DATA FOR THE TASK:
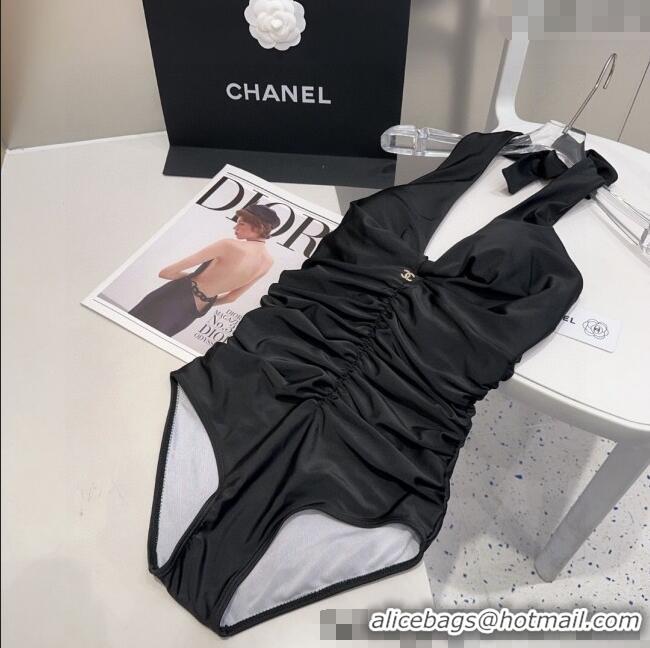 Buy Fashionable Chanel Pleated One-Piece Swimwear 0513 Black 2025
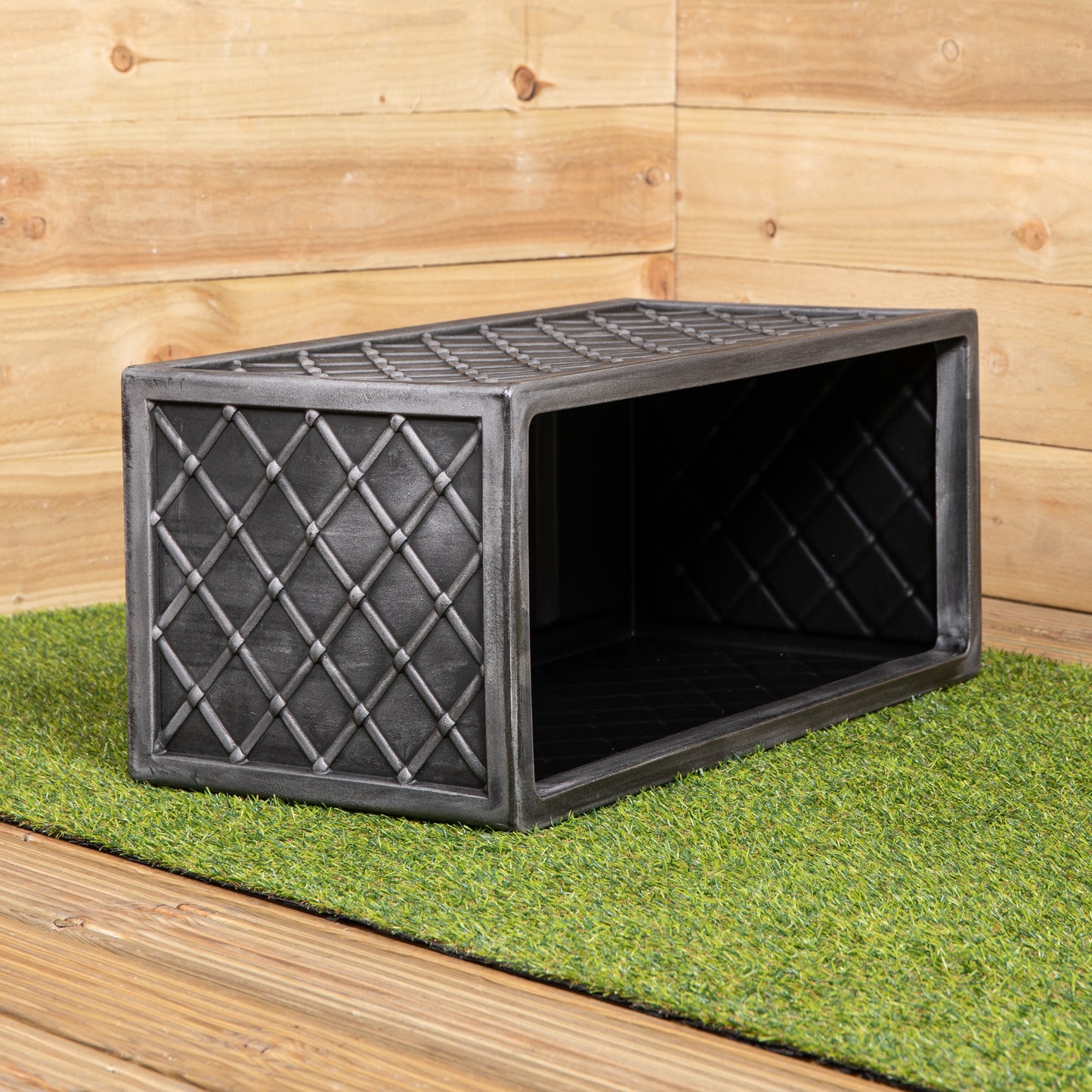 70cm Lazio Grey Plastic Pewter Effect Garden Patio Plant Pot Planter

* * *

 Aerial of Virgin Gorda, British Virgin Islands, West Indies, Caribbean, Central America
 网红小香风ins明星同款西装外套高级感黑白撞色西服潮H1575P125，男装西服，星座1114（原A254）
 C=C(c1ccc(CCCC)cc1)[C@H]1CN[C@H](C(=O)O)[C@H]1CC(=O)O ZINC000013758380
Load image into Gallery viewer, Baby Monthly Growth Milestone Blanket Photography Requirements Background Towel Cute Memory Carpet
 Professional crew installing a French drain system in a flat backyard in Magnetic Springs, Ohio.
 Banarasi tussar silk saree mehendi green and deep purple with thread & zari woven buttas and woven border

WORK ITEM: In the material above, one part opens with the line containing "Buy Fashionable Chanel" and closes with the line containing "70cm Lazio Grey". Write out that part exactly and skip its pictures.

WRITTEN SOLUTION:
 Buy Fashionable Chanel Pleated One-Piece Swimwear 0513 Black 2025
 70cm Lazio Grey Plastic Pewter Effect Garden Patio Plant Pot Planter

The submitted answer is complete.